DDD: do I really need to load all objects in an aggregate? (Performance concerns)

Question

In DDD, a repository loads an entire aggregate - we either load all of it or none of it. This also means that should avoid lazy loading.

My concern is performance-wise. What if this results in loading into memory thousands of objects? For example, an aggregate for Customer comes back with ten thousand Orders.

In this sort of cases, could it mean that I need to redesign and re-think my aggregates? Does DDD offer suggestions regarding this issue?

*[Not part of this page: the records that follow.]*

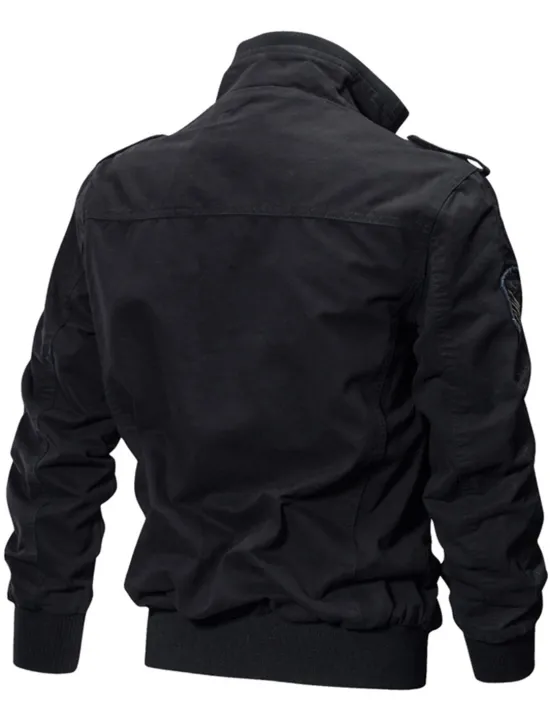 Sale OUKU Men's Bomber Jacket Utility Jacket Transition Jacket Varsity Jacket Outdoor Sports Windproof Warm Embroidered Zipper Winter Solid Colored Military Stand Collar Short Cotton Black Khaki Army Green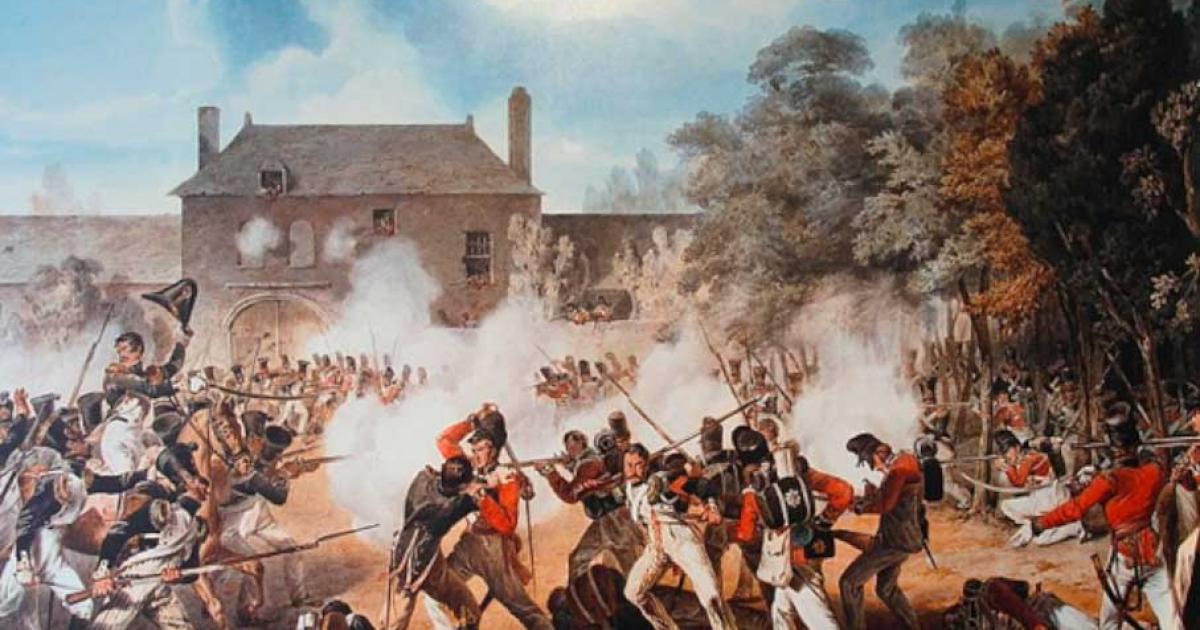 Battle of Waterloo soldiers fighting at the Hougoumont Chateau as portrayed in a watercolor by Denis Dighton. Source: Public Domain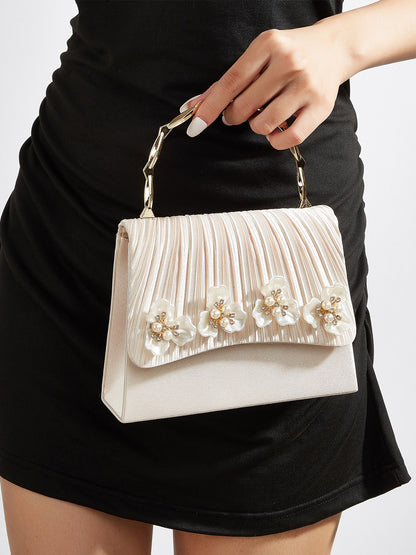 Eliza Pleated Pearl Flower Handbag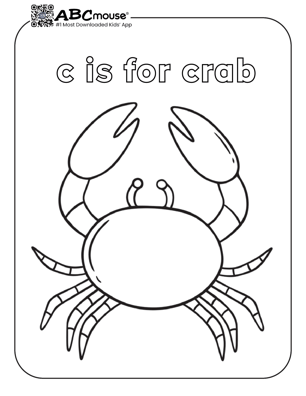 Free printable letter C is for crab coloring page for kids from ABCmouse.com.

If your `Customer` aggregate contains ten thousand `Order` objects, chances are `Order` is an aggregate on its own. — theDmi, Jun 06 '16 at 16:38
[This answer of mine](http://stackoverflow.com/a/31585706/219187) summarizes the primary design drivers for aggregates. — theDmi, Jun 06 '16 at 16:43
As I understand the concept, the basic rule is that for read operation, you don't need to load whole aggregate. For write operation, you should load the whole aggregate because of transaction/integrity and validation purpose . — Muflix, Dec 30 '19 at 14:22
@Muflix read operations can sometimes contain calculation result that are generated by the aggregate. E.g. for a Customer display that has Discount eligibility as its property. I mean yes you can do the calculation outside the aggregate, but that defeats the purpose of DDD. — james, Apr 29 '21 at 01:44
@James If you need to display some calculations you have in aggregate then yes, you have to load it. But not all read calculations need to be in aggregate and probably it should not be (this is tricky part I am not sure). For complex queries I just run stored procedure with optimized SQL query, but you are right, that if your read operation contains business logic, it is good question where to put it. — Muflix, May 05 '21 at 10:41

mgonzalezbaile · Accepted Answer · 2016-06-08T21:56:06.623

Take a look at this Effective Aggregate Design series of three articles from Vernon. I found them quite useful to understand when and how you can design smaller aggregates rather than a large-cluster aggregate.

EDIT

I would like to give a couple of examples to improve my previous answer, feel free to share your thoughts about them.

First, a quick definition about an Aggregate (took from Patterns, Principles and Practices of Domain Driven Design book by Scott Millet)

Entities and Value Objects collaborate to form complex relationships that meet invariants within the domain model. When dealing with large interconnected associations of objects, it is often difficult to ensure consistency and concurrency when performing actions against domain objects. Domain-Driven Design has the Aggregate pattern to ensure consistency and to define transactional concurrency boundaries for object graphs. Large models are split by invariants and grouped into aggregates of entities and value objects that are treated as conceptual whole.

Let's go with an example to see the definition in practice.

Simple Example

The first example shows how defining an Aggregate Root helps to ensure consistency when performing actions against domain objects.

Given the next business rule:

Winning auction bids must always be placed before the auction ends. If a winning bid is placed after an auction ends, the domain is in an invalid state because an invariant has been broken and the model has failed to correctly apply domain rules.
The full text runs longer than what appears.